-- WHAT TO WORK ON --
Reproduce exactly the span of lines beginning at the one with "Son Ye Jin và" and ending at the last line of the data below, omitting pictures.

[Short descriptive text snippets]
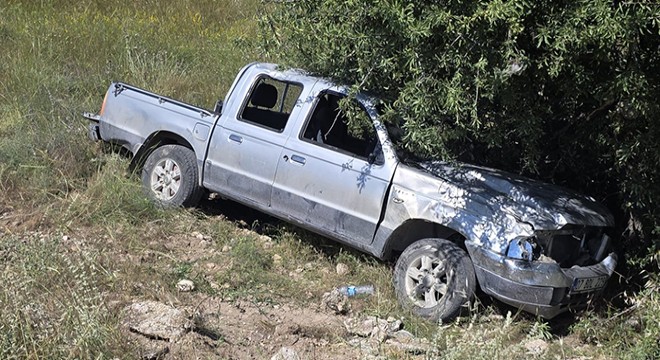 Kamyonet dereye uçtu: 2 yaralı
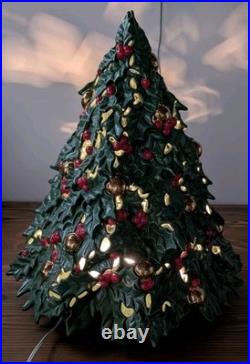Vintage Ceramic Lighted Christmas Tree Holly Berries Gold Ornaments 19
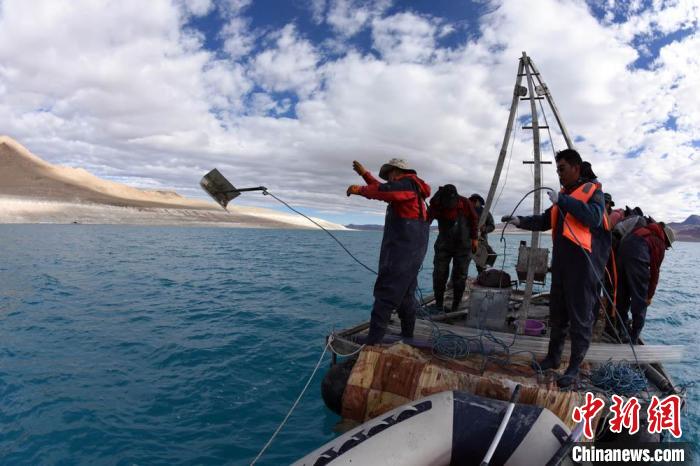 科考隊員在湖泊鉆探平臺上拋固定平臺的錨?！?lt;a target='_blank' ><p  align=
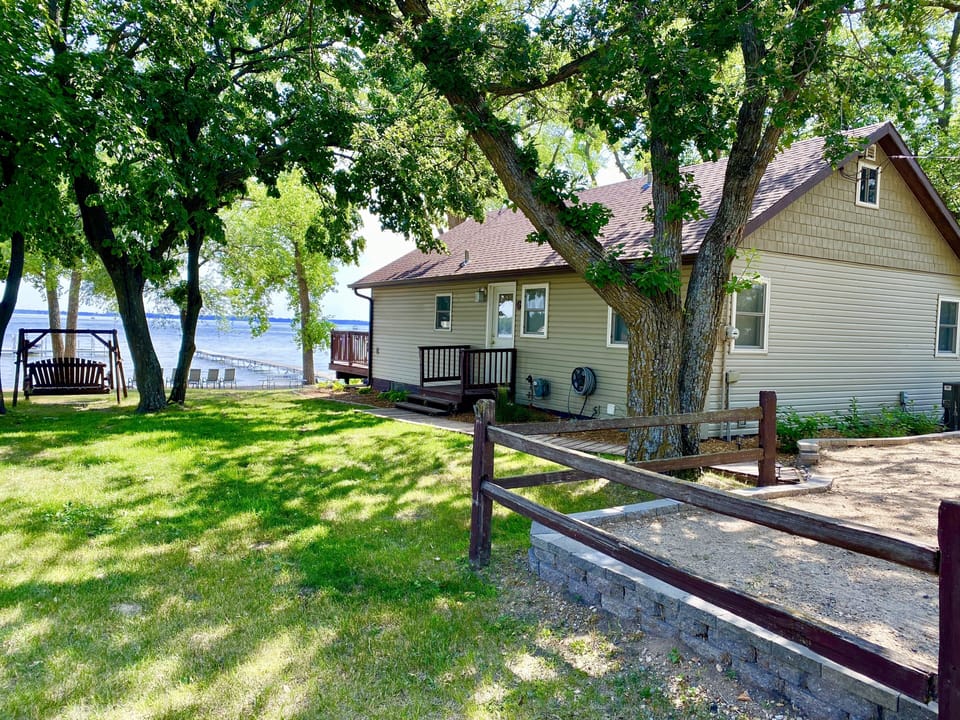Easy parking directly behind the cabin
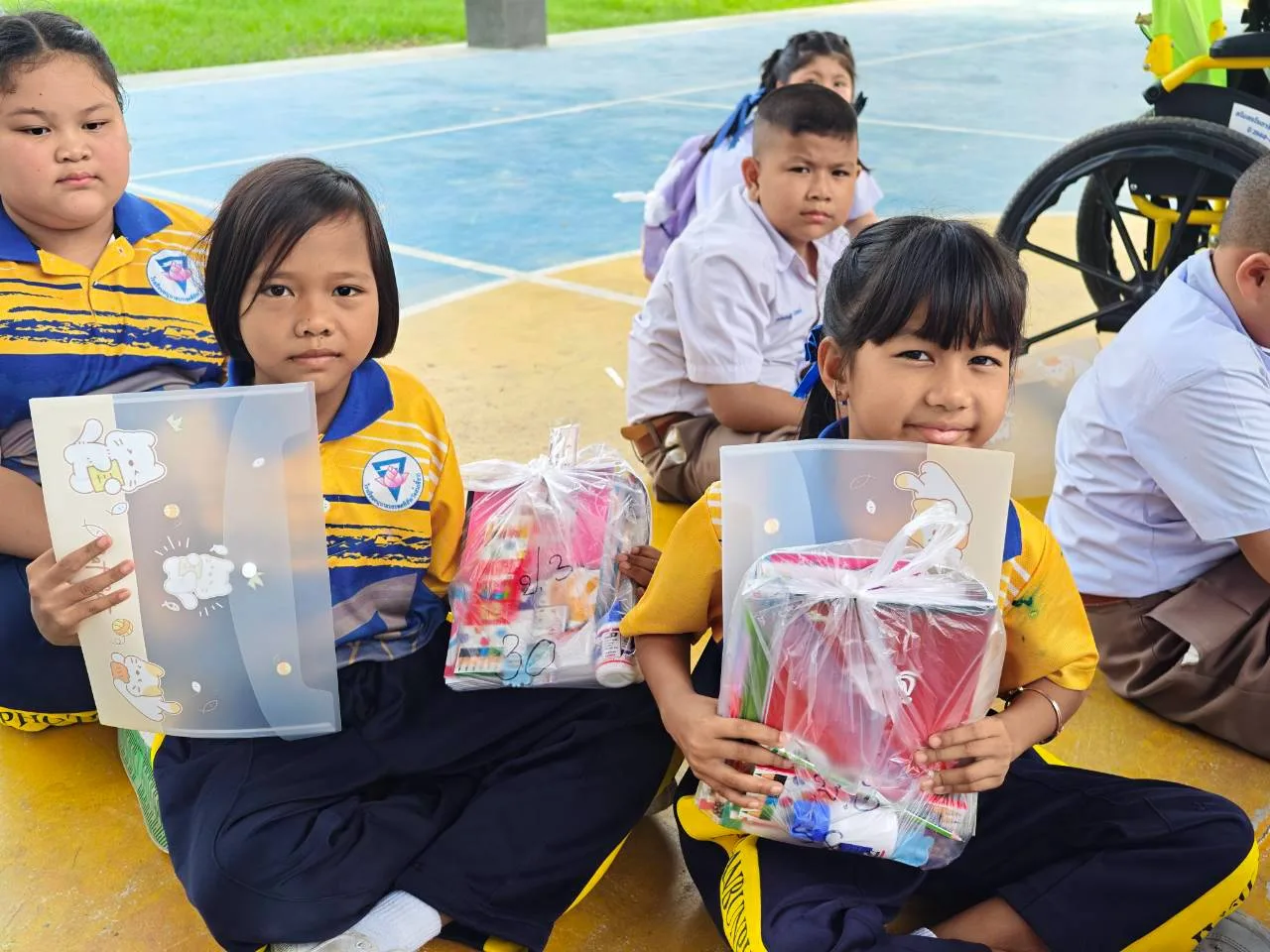 มอบอุปกรณ์การเรียน ภาคเรียนที่ 2 ปีการศึกษา 2569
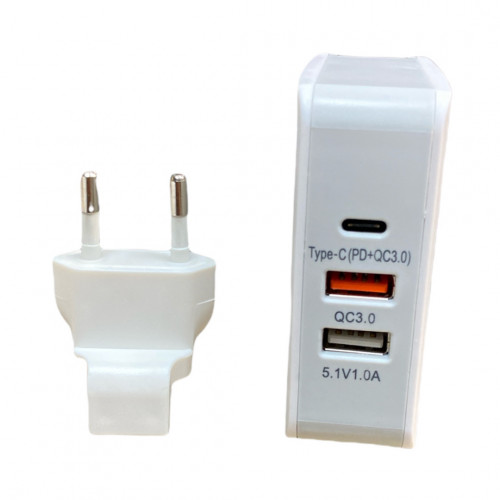 Блок питания / зарядное устройство 68W (USB-A 2шт + Type-C PD+QC3.0) LN45 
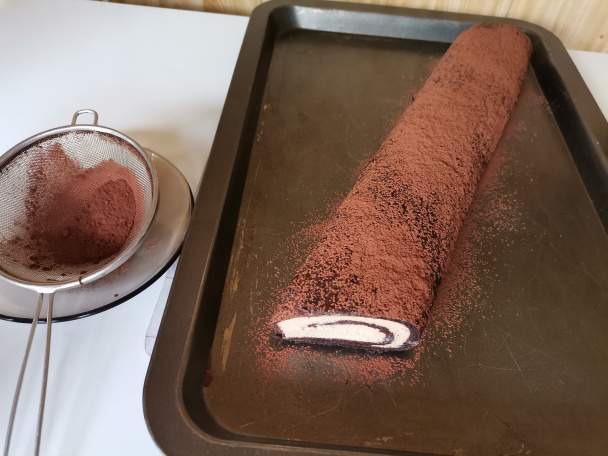 Kávová roláda s tiramisu krémom (fotorecept) - obrázok 9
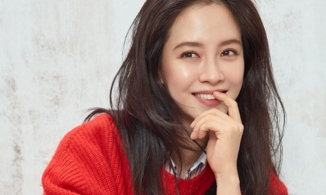 Son Ye Jin và Hyun Bin bại trận trước đàn em tại Giải thưởng Nghệ sĩ châu Á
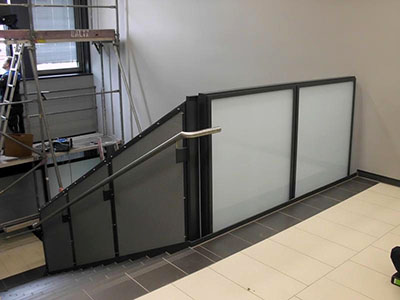 Treppengeländer mit Streckmetallfüllung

-- RESPONSE AREA --
 Son Ye Jin và Hyun Bin bại trận trước đàn em tại Giải thưởng Nghệ sĩ châu Á
 Treppengeländer mit Streckmetallfüllung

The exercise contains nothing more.